The client should be implemented as part of the client_queues_context class:
- Add necessary state to track the CPU-GPU queues on the client side to the class as member variables (e.g. client’s / CPU’s producer indices and consumer indices), as well as information about the server such as number of queues, rkeys and addresses.
- Add memory regions the client may use (e.g. for RDMA operations toward the server).
- In the constructor:
- Communicate with the server to receive the necessary parameters.
- Register memory regions defined in (2).
- In the set_input_images/set_output_images register memory regions for the client’s input and output buffers. Pay attention to the necessary access permissions.
- In the destructor:
- Send a termination message to the server and wait for a response.
- Release registered memory regions.
- Implement the enqueue method:
- Use RDMA Read operations to check whether the destination queue is full.
- Return false for a full queue.
- Use RDMA Write operations to write the data to the queue.
- Use RDMA Write to increment the producer index.
- Implement the dequeue method:
- Use RDMA Read operations to check whether the desired queue is empty. i.

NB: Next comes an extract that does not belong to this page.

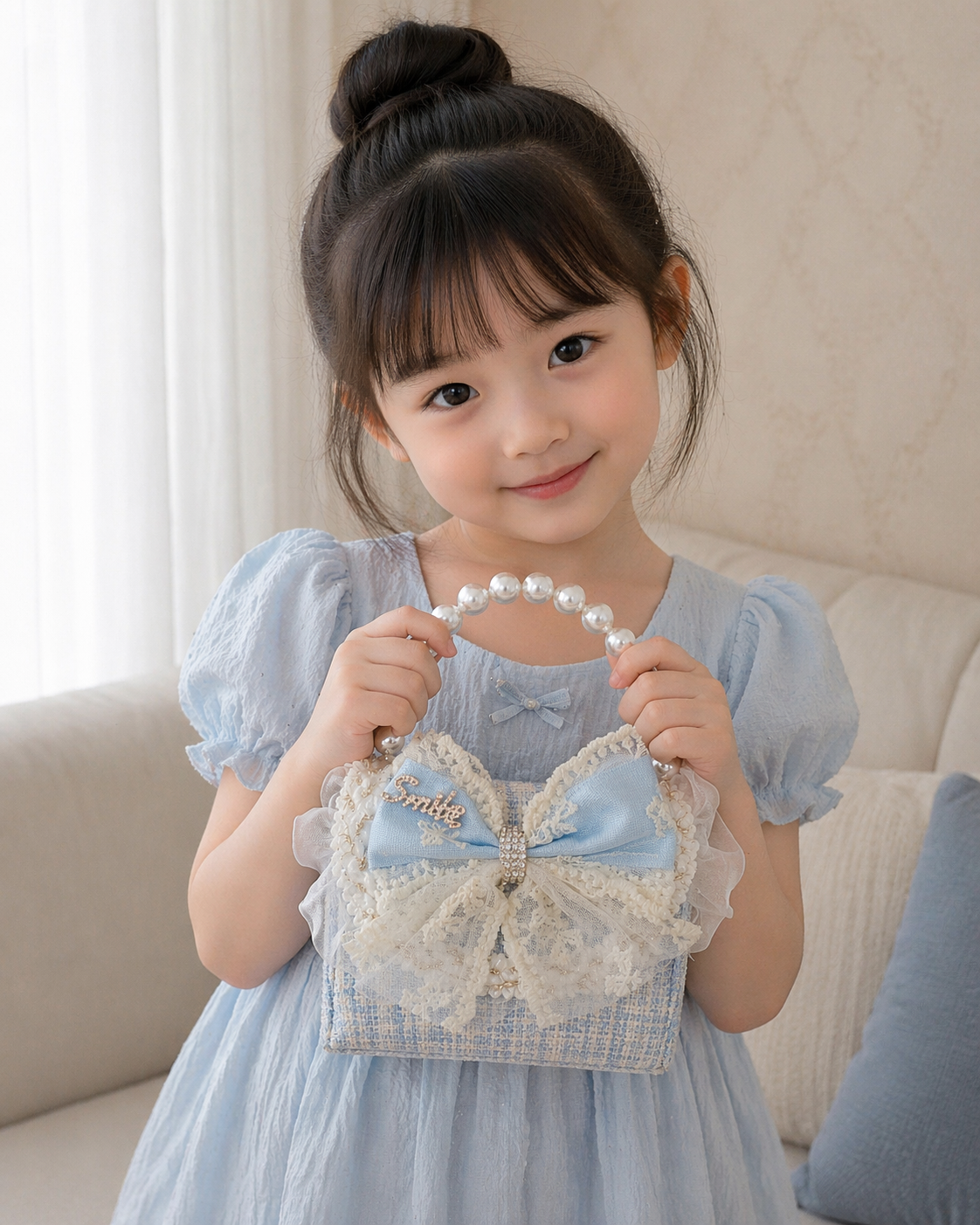 New Pearl Bow Little Fragrance Mini Girls Princess Pearl Handheld Crossbody Accessories Bags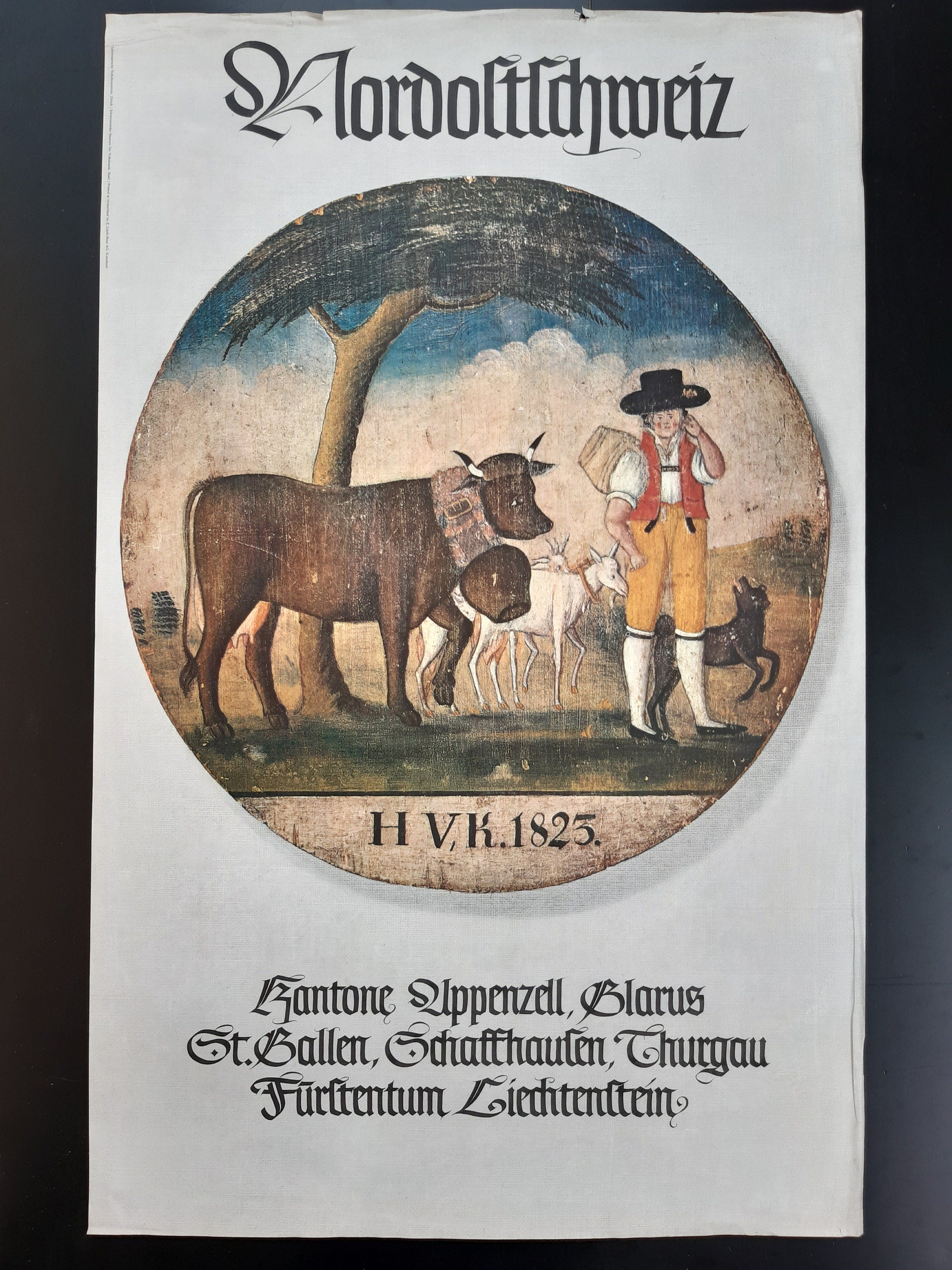 Schweizer Vintage-Reiseplakat ländliche Kunst – 25,2"×40,2" (64×102cm)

Return false if so.
- Use RDMA Read operations to read the data from the queue.
- Use RDMA Write to increment the consumer index.
You’ll be using these verbs: ibv_post_send(), ibv_reg_mr(), ibv_poll_cq(). You can see their usage in the provided code in the RPC server example, in the man pages (man ibv_post_send), or in the RDMAmojo website, which has excellent explanations and examples for these verbs: http://www.rdmamojo.com/2013/01/26/ibv_post_send/ http://www.rdmamojo.com/2013/02/15/ibv_poll_cq/ http://www.rdmamojo.com/2012/09/07/ibv_reg_mr/